HC Deb 19 February 1990 vol 167 cc655-6
44. Mr. Bowis

To ask the Secretary of State for Foreign and Commonwealth Affairs what further measures he is taking to improve child health care in Africa.

Mrs. Chalker

Almost everything that we finance in Africa, bilaterally and through multilateral organisations, benefits children by encouraging sustainable economic and social development. Our health sector aid concentrates on preventive communuity-based systems in which mother and child health programmes have a central place. Child health also benefits from our support for family planning, provision of clean water and sanitation, education, especially women's education, and progammes to improve the status of women.

Mr. Bowis

Does my right hon. Friend agree that her response is a welcome statement of the Government's programme? Does she further agree that with a more effective oral rehydration therapy programme we could save more children's lives than the total number of lives that were lost in the first and second world wars?

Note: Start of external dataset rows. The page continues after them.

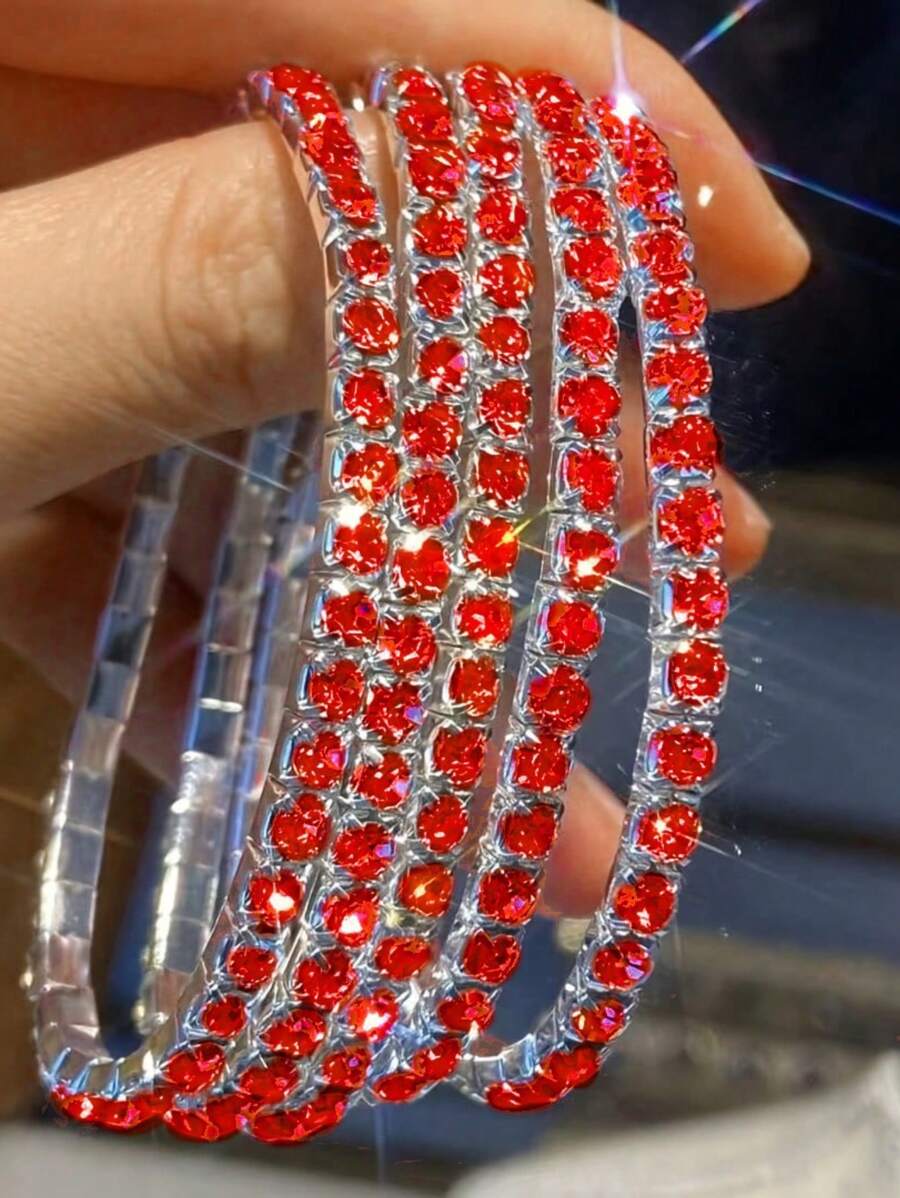 5 Stücke funkelnde Kristall Armreifen, verstellbare elastische Party-Stil Glitzer-Accessoires, ideales Geschenk für Frauen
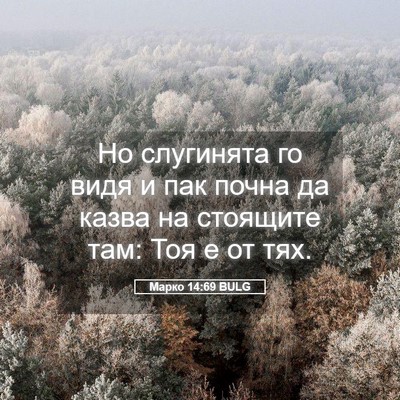 Picture 05 - Марко 14:69 BULG - Но слугинята го видя и пак - Bible Verse Picture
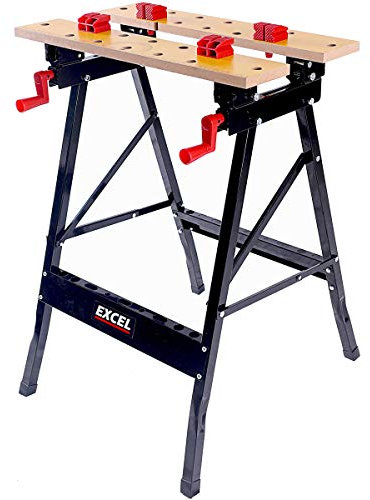 Excel Flip Top Workbench & Foldable Vise with Stand - Portable workbench, Foldable workbench, Versatile, and Durable Work Surface Ideal for Any Project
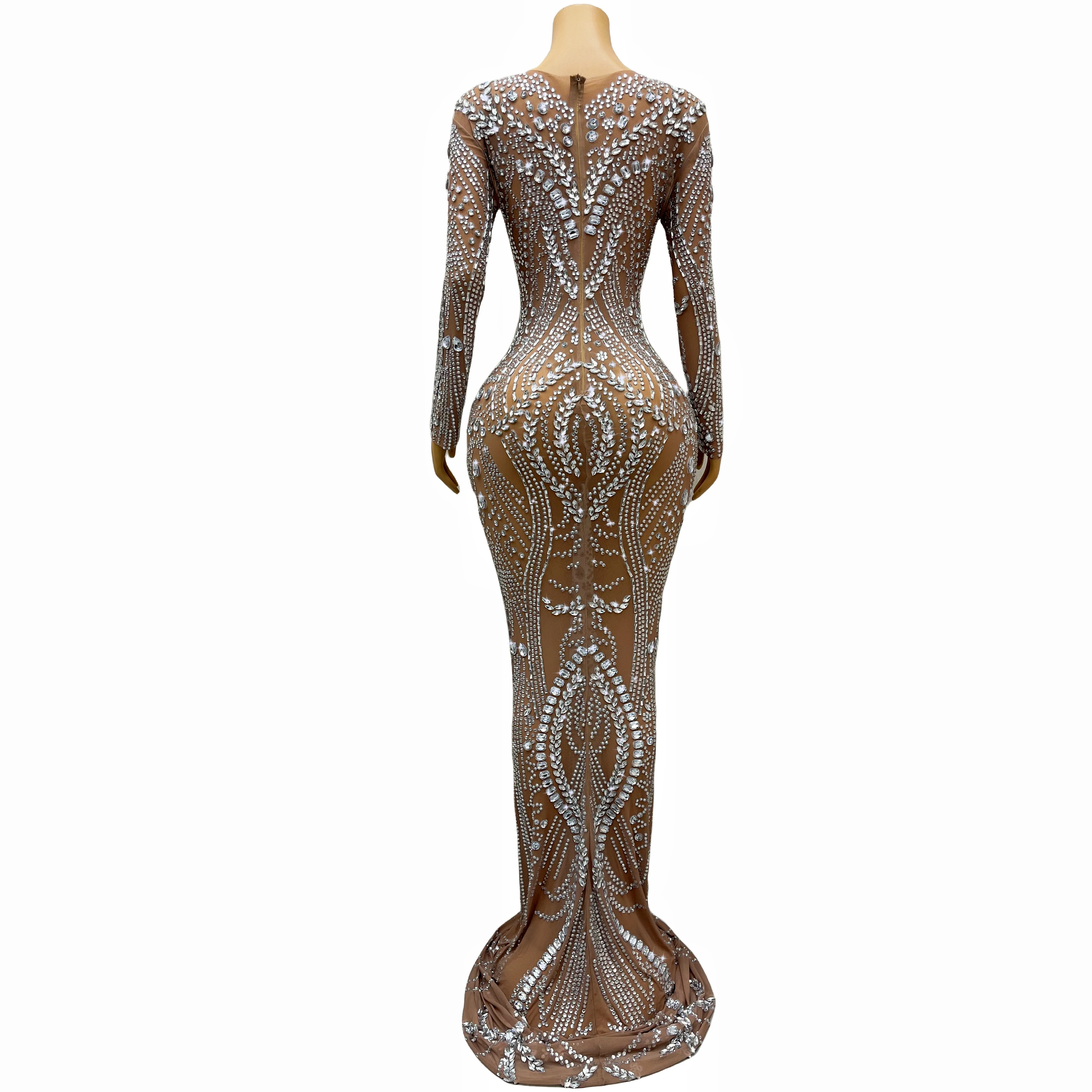 Sparkly Silver Rhinestones Long Sleeves Crystals Long Train Dress Nude Mesh Birthday Celebrate Costume Performance fulin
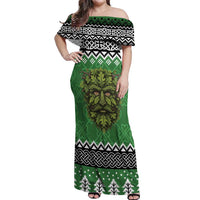 Personalized Anglesey Wales Christmas Off Shoulder Maxi Dress Green Man Celtic Knot - Wonder Print Shop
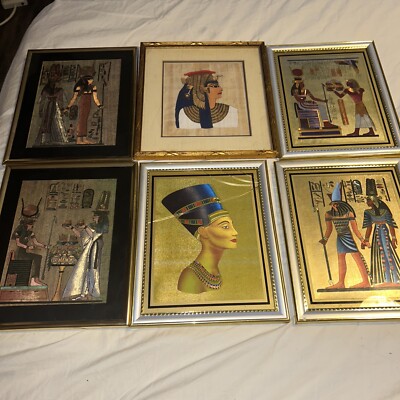 Vintage Egyptian Art Prints Metallic Reflective Scenes 8x12  Framed Hieroglyphic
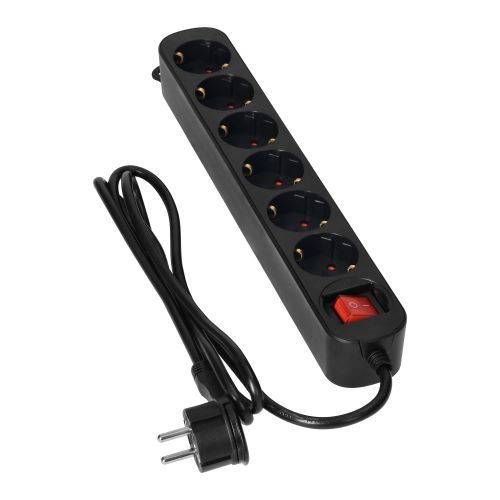 6x stopcontacten  Aan/uit-knop 3meter kabel Extra smal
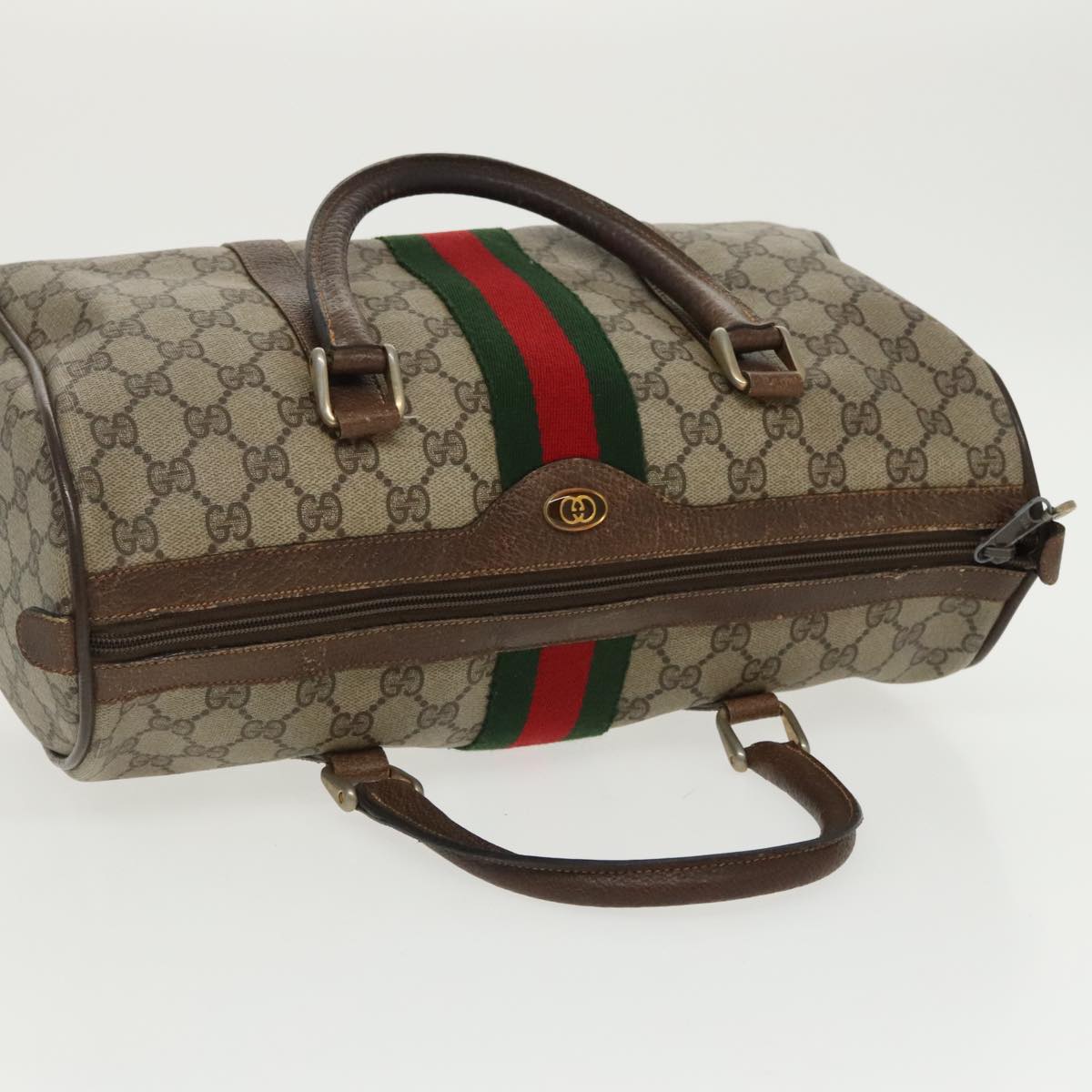 GUCCI GG Supreme Web Sherry Line Boston Bag PVC Beige Red 378 02 07 Auth 100064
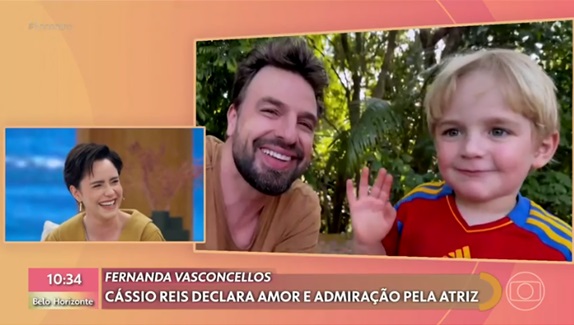 Fernanda Vasconcellos, Cássio Reis e o filho Romeu - Foto: Reprodução/Globo
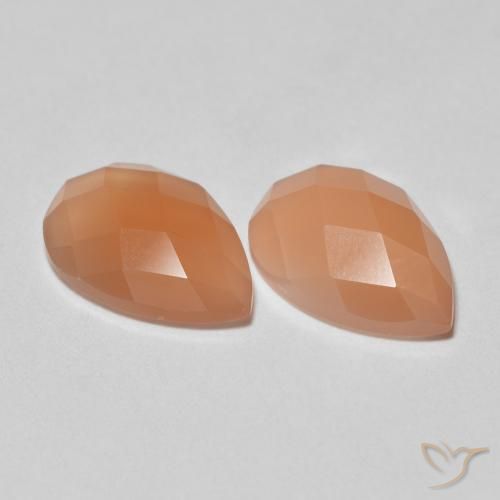 Gemme di Pietra di luna Cantalupo Arancia naturale da 2.01 ct, Forma a pera, Trasparente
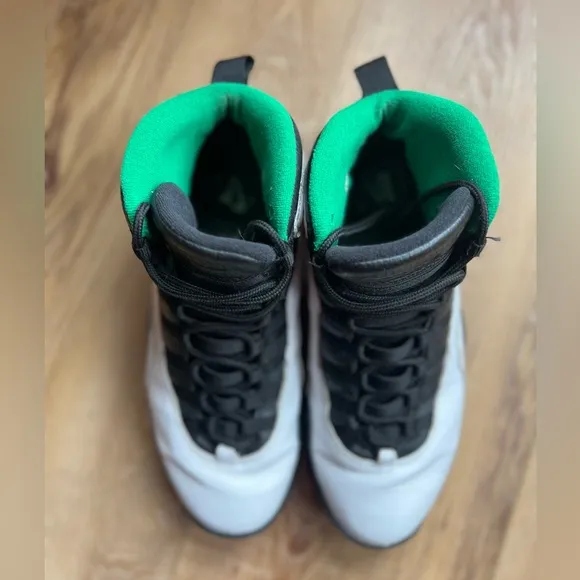 Air Jordan 10 Retro Seattle Green White Black Athletic Streetwear Shoes Size 10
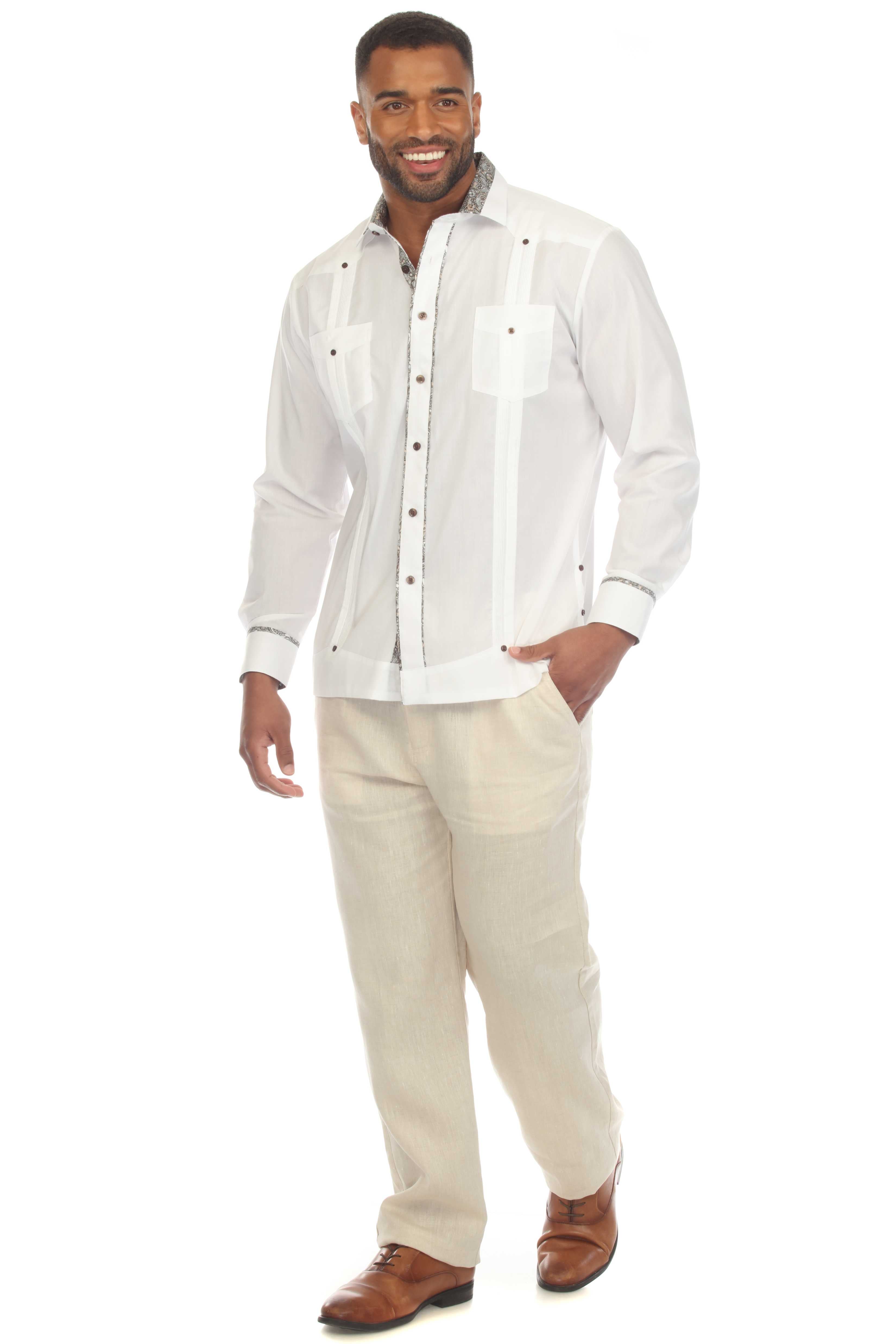 Men's Guayabera Chacabana Shirt Cotton Blend Long Sleeve with Contrast Accent Trim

Will my right hon. Friend also consider the fact that half the world's children are currently not protected by the diphtheria, pertussis and tetanus programme of immunisation? Will she lead a children's crusade to improve the health of the world's children?

Mrs. Chalker

We are already helping with immunisation through our contributions to UNICEF's major programme. With regard to oral rehydration therapy, we have been a major contributor to the World Health Organisation's diarrhoeal disease control programme which is responsible for promoting the use of ORT.

Mrs. Clwyd

As the Minister knows, I have just returned from Ethiopia. Does she agree that in that country children are suffering most because of famine and war? Does she agree that the Foreign Ministers meeting in Dublin tomorrow should be asked to bring every effort to bear on the protagonists to end that bloody and increasingly vicious civil war and to bring the warring factions round the negotiating table?

Mr. Chalker

I am glad to see the hon. Lady back safe and sound from Ethiopia. I have already asked my right hon. Friend the Foreign Secretary whether he will consider raising in the Foreign Affairs Council in Dublin tomorrow the urgent need for a peace settlement in Ethiopia. Of course, the children suffer—probably rather more than the hon. Lady and I know. I hope that we shall use all international forums to bring about peace swiftly.